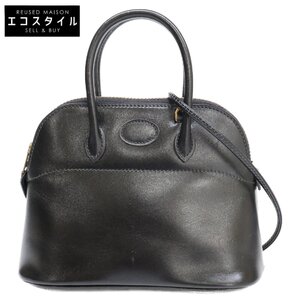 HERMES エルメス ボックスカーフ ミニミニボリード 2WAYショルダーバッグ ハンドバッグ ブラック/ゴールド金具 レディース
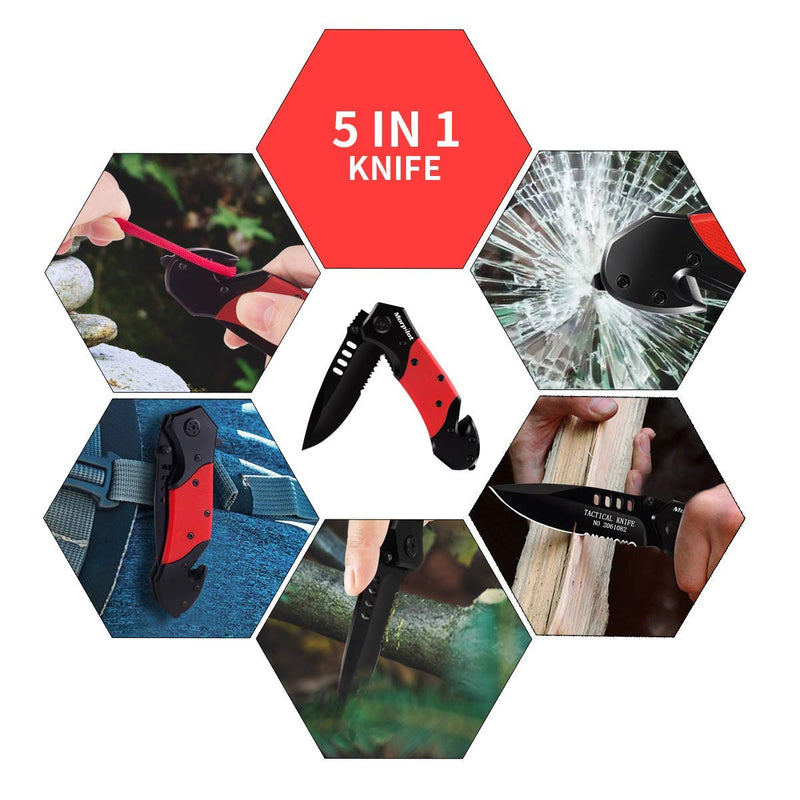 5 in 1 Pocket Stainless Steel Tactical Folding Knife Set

--

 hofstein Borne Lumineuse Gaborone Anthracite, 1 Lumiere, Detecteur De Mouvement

...

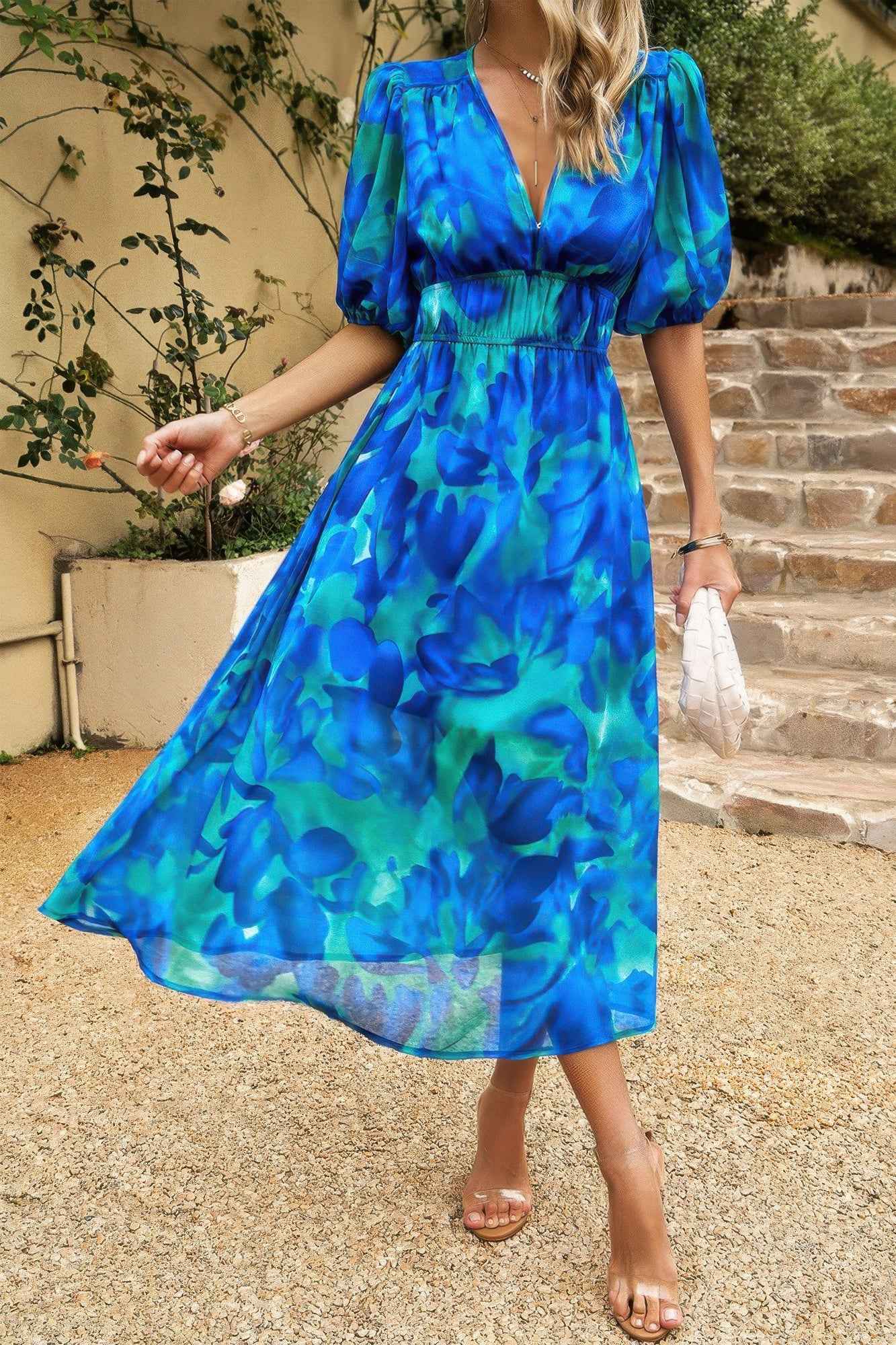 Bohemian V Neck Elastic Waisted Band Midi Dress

**TASK OBJECTIVE:** In the listing above, find the line with "HERMES エルメス ボックスカーフ" and the line with "5 in 1 Pocket". Copy exactly those lines and all between them, minus the images.

**ANSWER TO THE EXERCISE:**
 HERMES エルメス ボックスカーフ ミニミニボリード 2WAYショルダーバッグ ハンドバッグ ブラック/ゴールド金具 レディース
 5 in 1 Pocket Stainless Steel Tactical Folding Knife Set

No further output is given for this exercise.